TASK TO CARRY OUT ::
Only the pictures are to be left out; please reproduce everything else in the data exactly.

───── RECORDED INFORMATION ─────

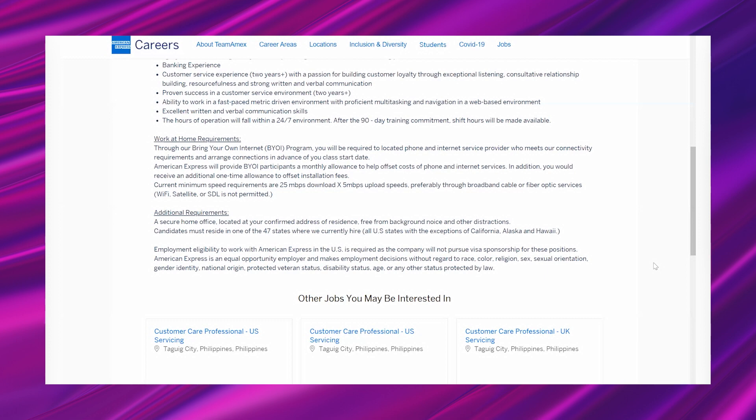"Additional requirements: a secure home office located at your confirmed address of residence, free from background noise and other distractions. Candidates must reside in one of the 47 states where we currently hire - all US states with the exceptions of California, Alaska, and Hawaii. Employment eligibility to work with American Express in the US is required, as the company will not pursue visa sponsorship for these positions. American Express is an equal opportunity employer and makes employment decisions without regard to race, color, religion, sex, sexual orientation, gender identity, national origin, protected veteran status, disability status, age, or any other status protected by law."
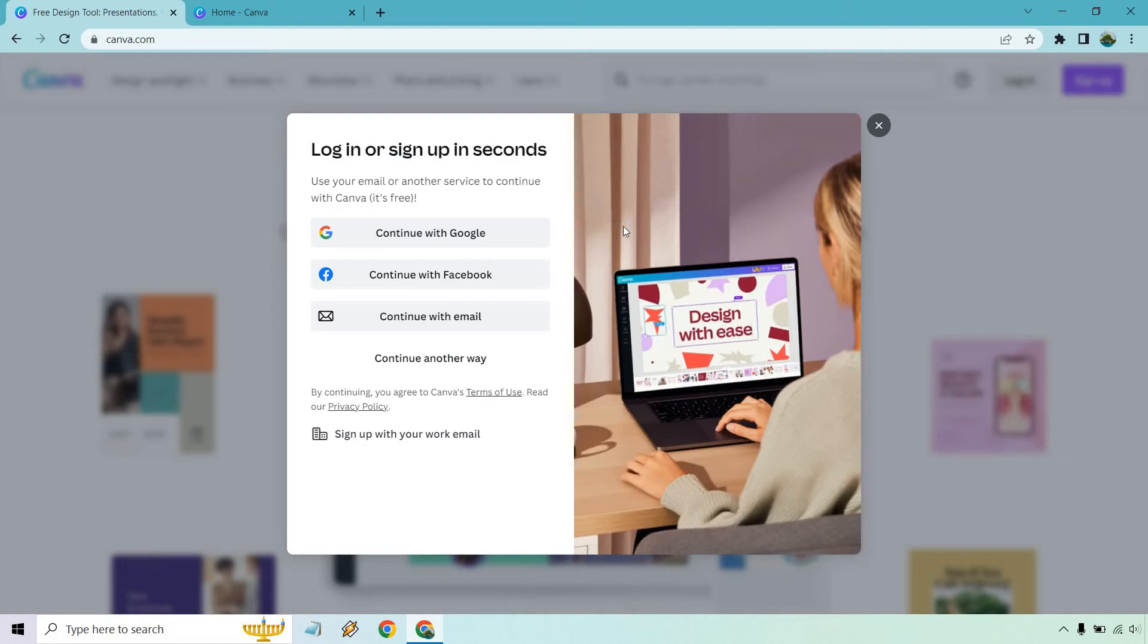If you go with email, you've got to put in your email and password. Either way, once you do that and you sign up with that...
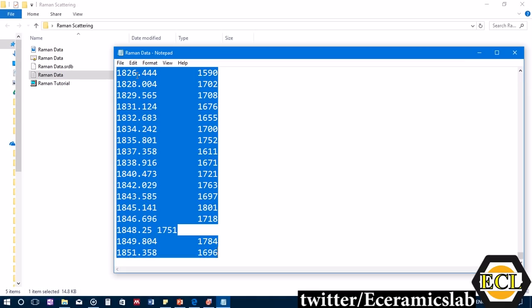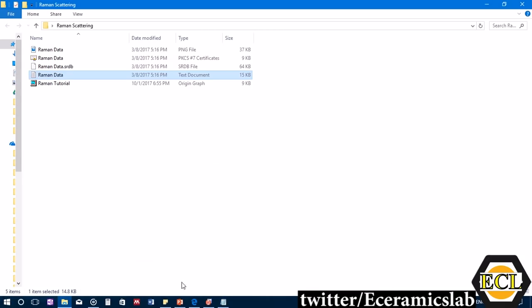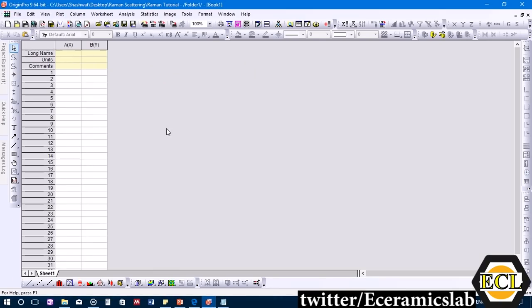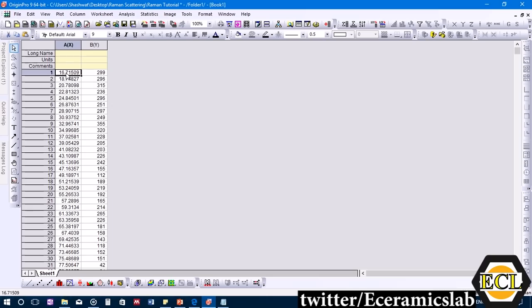We press Ctrl+A to select and copy the data, then paste it into Origin software by clicking on the first column and pressing Ctrl+V. The data is now imported into Origin.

─────

REPLY TO THE EXERCISE ::
"Additional requirements: a secure home office located at your confirmed address of residence, free from background noise and other distractions. Candidates must reside in one of the 47 states where we currently hire - all US states with the exceptions of California, Alaska, and Hawaii. Employment eligibility to work with American Express in the US is required, as the company will not pursue visa sponsorship for these positions. American Express is an equal opportunity employer and makes employment decisions without regard to race, color, religion, sex, sexual orientation, gender identity, national origin, protected veteran status, disability status, age, or any other status protected by law."
If you go with email, you've got to put in your email and password. Either way, once you do that and you sign up with that...
We press Ctrl+A to select and copy the data, then paste it into Origin software by clicking on the first column and pressing Ctrl+V. The data is now imported into Origin.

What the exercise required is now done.